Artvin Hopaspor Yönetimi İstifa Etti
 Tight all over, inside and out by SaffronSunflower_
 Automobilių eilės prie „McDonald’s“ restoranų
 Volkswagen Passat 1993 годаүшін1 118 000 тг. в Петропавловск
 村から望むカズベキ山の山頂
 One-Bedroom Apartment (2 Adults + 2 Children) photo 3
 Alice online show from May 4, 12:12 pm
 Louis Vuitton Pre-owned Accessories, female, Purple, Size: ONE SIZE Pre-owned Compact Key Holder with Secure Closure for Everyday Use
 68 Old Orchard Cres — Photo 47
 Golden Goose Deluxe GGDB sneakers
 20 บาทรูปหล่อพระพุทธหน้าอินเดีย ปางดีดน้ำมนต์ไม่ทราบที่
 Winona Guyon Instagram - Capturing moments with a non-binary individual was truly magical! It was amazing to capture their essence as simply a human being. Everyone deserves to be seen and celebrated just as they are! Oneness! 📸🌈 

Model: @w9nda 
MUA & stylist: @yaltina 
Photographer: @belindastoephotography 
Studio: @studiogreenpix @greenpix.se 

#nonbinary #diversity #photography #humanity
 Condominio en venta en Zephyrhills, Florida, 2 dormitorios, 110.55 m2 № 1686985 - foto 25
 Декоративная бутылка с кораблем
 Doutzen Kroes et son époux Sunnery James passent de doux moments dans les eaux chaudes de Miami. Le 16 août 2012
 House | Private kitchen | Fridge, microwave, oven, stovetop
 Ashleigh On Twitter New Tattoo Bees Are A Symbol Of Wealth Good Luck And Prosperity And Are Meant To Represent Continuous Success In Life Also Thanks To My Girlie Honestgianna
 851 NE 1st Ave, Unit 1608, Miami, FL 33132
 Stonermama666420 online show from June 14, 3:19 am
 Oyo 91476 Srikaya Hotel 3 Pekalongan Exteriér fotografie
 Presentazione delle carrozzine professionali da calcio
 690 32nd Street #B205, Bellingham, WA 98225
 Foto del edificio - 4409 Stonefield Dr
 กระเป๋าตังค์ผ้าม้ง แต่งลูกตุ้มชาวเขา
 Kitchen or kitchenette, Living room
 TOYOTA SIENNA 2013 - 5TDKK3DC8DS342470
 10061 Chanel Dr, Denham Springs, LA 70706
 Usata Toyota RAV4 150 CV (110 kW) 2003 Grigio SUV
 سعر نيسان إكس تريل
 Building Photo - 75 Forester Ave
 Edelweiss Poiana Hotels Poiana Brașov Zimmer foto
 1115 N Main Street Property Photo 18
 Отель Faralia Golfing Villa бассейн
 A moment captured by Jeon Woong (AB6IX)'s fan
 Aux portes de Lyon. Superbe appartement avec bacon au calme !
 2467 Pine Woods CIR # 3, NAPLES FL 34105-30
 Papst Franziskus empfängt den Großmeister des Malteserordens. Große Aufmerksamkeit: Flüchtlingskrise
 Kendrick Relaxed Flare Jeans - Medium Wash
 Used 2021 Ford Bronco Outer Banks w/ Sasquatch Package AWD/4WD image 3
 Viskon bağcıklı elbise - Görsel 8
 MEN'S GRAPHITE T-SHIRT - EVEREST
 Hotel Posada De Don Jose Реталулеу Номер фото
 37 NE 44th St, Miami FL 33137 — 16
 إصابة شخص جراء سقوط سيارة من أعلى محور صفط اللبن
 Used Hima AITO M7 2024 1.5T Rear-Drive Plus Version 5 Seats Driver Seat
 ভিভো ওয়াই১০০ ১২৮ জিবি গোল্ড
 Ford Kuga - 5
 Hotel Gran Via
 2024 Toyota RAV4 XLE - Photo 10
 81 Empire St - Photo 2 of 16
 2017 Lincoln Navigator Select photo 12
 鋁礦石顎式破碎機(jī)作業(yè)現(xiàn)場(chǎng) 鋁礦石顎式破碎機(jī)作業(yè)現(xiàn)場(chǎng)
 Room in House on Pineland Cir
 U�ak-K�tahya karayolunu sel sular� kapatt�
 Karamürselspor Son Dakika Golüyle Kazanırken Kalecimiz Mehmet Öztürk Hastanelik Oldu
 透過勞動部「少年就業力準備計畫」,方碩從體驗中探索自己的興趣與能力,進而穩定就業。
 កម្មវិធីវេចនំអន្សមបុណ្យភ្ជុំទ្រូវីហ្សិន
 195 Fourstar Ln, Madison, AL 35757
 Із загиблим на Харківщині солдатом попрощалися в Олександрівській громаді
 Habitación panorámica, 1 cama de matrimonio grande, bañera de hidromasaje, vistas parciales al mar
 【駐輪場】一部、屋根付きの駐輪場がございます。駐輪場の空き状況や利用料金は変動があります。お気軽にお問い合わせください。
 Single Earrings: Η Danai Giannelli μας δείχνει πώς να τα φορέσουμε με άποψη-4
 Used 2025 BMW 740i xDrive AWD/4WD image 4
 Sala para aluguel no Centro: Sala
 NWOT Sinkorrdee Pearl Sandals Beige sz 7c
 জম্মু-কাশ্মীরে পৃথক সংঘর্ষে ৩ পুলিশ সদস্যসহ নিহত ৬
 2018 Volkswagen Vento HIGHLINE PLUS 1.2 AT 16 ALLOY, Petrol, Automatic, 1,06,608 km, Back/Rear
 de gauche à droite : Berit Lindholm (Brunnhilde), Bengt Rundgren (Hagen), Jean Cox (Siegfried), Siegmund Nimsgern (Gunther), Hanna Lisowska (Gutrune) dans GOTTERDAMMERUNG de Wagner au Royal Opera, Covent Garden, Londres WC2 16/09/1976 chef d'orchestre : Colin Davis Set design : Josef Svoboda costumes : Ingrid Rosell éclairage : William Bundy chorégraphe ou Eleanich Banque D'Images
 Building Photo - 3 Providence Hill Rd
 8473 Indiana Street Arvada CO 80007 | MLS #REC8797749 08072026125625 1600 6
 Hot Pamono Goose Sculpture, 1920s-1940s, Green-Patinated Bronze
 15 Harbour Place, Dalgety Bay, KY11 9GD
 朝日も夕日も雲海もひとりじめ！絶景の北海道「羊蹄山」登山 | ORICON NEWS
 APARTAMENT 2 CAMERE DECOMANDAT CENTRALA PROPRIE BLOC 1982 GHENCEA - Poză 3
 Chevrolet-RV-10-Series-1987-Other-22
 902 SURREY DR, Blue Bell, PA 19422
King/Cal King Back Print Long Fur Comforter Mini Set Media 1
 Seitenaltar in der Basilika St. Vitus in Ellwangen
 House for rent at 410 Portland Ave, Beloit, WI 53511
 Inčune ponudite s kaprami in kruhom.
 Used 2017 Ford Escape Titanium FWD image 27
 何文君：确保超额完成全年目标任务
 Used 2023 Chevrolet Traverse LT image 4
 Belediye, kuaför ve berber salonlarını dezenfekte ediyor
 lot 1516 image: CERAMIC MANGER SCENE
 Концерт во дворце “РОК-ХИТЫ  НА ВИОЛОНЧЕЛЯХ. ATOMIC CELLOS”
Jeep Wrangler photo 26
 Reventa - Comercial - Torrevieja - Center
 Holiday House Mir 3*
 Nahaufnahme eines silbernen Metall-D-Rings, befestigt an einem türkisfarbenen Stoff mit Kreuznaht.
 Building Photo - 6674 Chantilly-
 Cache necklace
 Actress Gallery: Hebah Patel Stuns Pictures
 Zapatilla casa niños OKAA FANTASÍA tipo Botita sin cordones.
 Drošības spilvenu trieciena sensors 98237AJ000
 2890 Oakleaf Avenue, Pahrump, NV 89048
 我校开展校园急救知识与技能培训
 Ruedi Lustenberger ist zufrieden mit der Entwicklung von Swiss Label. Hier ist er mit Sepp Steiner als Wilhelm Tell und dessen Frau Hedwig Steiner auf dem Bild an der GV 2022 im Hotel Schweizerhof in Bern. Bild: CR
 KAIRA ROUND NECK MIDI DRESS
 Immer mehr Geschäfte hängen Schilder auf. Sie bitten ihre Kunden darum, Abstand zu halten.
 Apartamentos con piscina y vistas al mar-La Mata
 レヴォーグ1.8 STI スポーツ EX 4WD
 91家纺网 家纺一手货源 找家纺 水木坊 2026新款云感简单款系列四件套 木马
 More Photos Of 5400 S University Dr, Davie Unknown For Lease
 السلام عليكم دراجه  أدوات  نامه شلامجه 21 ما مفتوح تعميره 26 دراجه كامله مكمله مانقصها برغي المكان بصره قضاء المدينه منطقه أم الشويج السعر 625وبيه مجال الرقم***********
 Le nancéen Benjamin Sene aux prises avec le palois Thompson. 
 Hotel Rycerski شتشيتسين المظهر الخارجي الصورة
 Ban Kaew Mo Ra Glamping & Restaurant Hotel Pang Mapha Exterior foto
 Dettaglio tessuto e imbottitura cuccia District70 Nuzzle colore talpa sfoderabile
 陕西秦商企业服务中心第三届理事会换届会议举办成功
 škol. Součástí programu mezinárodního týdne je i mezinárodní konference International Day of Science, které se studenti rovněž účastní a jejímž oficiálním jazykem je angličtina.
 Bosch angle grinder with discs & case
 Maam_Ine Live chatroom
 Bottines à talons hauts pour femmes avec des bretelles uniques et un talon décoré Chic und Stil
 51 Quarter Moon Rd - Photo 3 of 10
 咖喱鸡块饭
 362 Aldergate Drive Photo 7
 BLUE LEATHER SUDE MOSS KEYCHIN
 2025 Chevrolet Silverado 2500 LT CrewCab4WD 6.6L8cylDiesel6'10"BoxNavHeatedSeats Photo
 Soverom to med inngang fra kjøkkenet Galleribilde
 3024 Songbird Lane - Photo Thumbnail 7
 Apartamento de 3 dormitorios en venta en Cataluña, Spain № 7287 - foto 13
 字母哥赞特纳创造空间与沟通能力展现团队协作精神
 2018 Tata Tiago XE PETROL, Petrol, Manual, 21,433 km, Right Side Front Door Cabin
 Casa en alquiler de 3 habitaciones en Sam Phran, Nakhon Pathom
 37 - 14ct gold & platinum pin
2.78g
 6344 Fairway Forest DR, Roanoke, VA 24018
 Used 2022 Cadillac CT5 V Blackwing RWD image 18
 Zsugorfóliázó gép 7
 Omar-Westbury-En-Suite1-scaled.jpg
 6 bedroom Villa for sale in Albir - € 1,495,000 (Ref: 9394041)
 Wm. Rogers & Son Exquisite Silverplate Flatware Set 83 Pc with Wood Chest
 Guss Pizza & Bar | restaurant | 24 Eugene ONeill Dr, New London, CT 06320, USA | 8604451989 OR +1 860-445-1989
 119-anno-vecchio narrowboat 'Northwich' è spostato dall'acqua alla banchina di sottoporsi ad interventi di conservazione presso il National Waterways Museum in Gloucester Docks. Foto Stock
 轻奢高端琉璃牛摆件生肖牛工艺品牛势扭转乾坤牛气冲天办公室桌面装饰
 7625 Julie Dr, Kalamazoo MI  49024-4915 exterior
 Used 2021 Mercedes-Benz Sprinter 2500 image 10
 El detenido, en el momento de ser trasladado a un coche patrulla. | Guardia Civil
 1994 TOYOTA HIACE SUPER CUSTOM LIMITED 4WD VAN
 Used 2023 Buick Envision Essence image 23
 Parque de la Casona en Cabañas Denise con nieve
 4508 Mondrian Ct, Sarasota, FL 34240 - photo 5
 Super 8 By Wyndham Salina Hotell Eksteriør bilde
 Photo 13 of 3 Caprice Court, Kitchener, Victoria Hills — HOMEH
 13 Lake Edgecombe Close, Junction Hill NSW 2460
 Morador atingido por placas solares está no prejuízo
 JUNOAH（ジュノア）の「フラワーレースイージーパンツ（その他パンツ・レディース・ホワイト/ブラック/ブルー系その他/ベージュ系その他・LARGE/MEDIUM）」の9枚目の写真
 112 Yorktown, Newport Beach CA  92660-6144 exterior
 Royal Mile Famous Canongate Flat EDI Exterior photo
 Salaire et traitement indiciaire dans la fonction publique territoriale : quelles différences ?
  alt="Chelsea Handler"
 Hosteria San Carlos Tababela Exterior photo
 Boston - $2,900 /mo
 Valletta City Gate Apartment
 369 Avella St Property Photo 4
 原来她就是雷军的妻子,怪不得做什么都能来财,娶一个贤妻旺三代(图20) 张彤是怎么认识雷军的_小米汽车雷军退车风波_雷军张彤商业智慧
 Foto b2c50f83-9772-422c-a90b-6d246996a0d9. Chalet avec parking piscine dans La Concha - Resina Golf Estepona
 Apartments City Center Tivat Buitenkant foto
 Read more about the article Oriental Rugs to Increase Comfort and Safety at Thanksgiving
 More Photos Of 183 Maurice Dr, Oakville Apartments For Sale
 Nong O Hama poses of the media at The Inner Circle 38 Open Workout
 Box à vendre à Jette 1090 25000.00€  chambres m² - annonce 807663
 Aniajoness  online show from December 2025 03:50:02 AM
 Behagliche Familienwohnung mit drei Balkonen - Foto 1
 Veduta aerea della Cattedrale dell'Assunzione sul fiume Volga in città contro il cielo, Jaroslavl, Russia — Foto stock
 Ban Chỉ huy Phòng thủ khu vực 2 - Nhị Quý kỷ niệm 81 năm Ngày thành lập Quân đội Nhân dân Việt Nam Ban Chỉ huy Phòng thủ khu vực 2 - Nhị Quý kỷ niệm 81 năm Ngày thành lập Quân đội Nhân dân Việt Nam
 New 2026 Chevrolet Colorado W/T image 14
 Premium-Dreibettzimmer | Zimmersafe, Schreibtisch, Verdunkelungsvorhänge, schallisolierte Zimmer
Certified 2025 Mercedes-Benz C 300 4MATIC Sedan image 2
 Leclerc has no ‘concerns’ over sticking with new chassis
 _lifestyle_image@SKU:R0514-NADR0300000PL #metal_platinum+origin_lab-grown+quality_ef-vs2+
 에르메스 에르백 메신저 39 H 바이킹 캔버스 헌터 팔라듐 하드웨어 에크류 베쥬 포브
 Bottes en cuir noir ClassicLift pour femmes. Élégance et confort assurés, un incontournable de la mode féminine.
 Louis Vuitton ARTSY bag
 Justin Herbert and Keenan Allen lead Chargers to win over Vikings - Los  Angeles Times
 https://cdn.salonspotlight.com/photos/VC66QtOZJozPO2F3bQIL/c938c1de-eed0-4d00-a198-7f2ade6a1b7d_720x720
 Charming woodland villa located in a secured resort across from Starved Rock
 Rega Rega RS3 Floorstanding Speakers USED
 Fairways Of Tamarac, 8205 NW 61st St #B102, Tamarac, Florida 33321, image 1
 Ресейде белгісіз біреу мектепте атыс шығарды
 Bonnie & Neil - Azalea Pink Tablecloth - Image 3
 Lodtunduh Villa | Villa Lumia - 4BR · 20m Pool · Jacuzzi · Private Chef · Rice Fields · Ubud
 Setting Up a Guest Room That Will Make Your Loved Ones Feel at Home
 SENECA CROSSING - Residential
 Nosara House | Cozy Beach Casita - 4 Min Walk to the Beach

#### Problem statement
Copy the lines above exactly, beginning at the line that has "Kendrick Relaxed Flare Jeans - Medium Wash" and stopping after the line that has "Karamürselspor Son Dakika", and omit the rest.

#### Result for this task
 Kendrick Relaxed Flare Jeans - Medium Wash
 Used 2021 Ford Bronco Outer Banks w/ Sasquatch Package AWD/4WD image 3
 Viskon bağcıklı elbise - Görsel 8
 MEN'S GRAPHITE T-SHIRT - EVEREST
 Hotel Posada De Don Jose Реталулеу Номер фото
 37 NE 44th St, Miami FL 33137 — 16
 إصابة شخص جراء سقوط سيارة من أعلى محور صفط اللبن
 Used Hima AITO M7 2024 1.5T Rear-Drive Plus Version 5 Seats Driver Seat
 ভিভো ওয়াই১০০ ১২৮ জিবি গোল্ড
 Ford Kuga - 5
 Hotel Gran Via
 2024 Toyota RAV4 XLE - Photo 10
 81 Empire St - Photo 2 of 16
 2017 Lincoln Navigator Select photo 12
 鋁礦石顎式破碎機(jī)作業(yè)現(xiàn)場(chǎng) 鋁礦石顎式破碎機(jī)作業(yè)現(xiàn)場(chǎng)
 Room in House on Pineland Cir
 U�ak-K�tahya karayolunu sel sular� kapatt�
 Karamürselspor Son Dakika Golüyle Kazanırken Kalecimiz Mehmet Öztürk Hastanelik Oldu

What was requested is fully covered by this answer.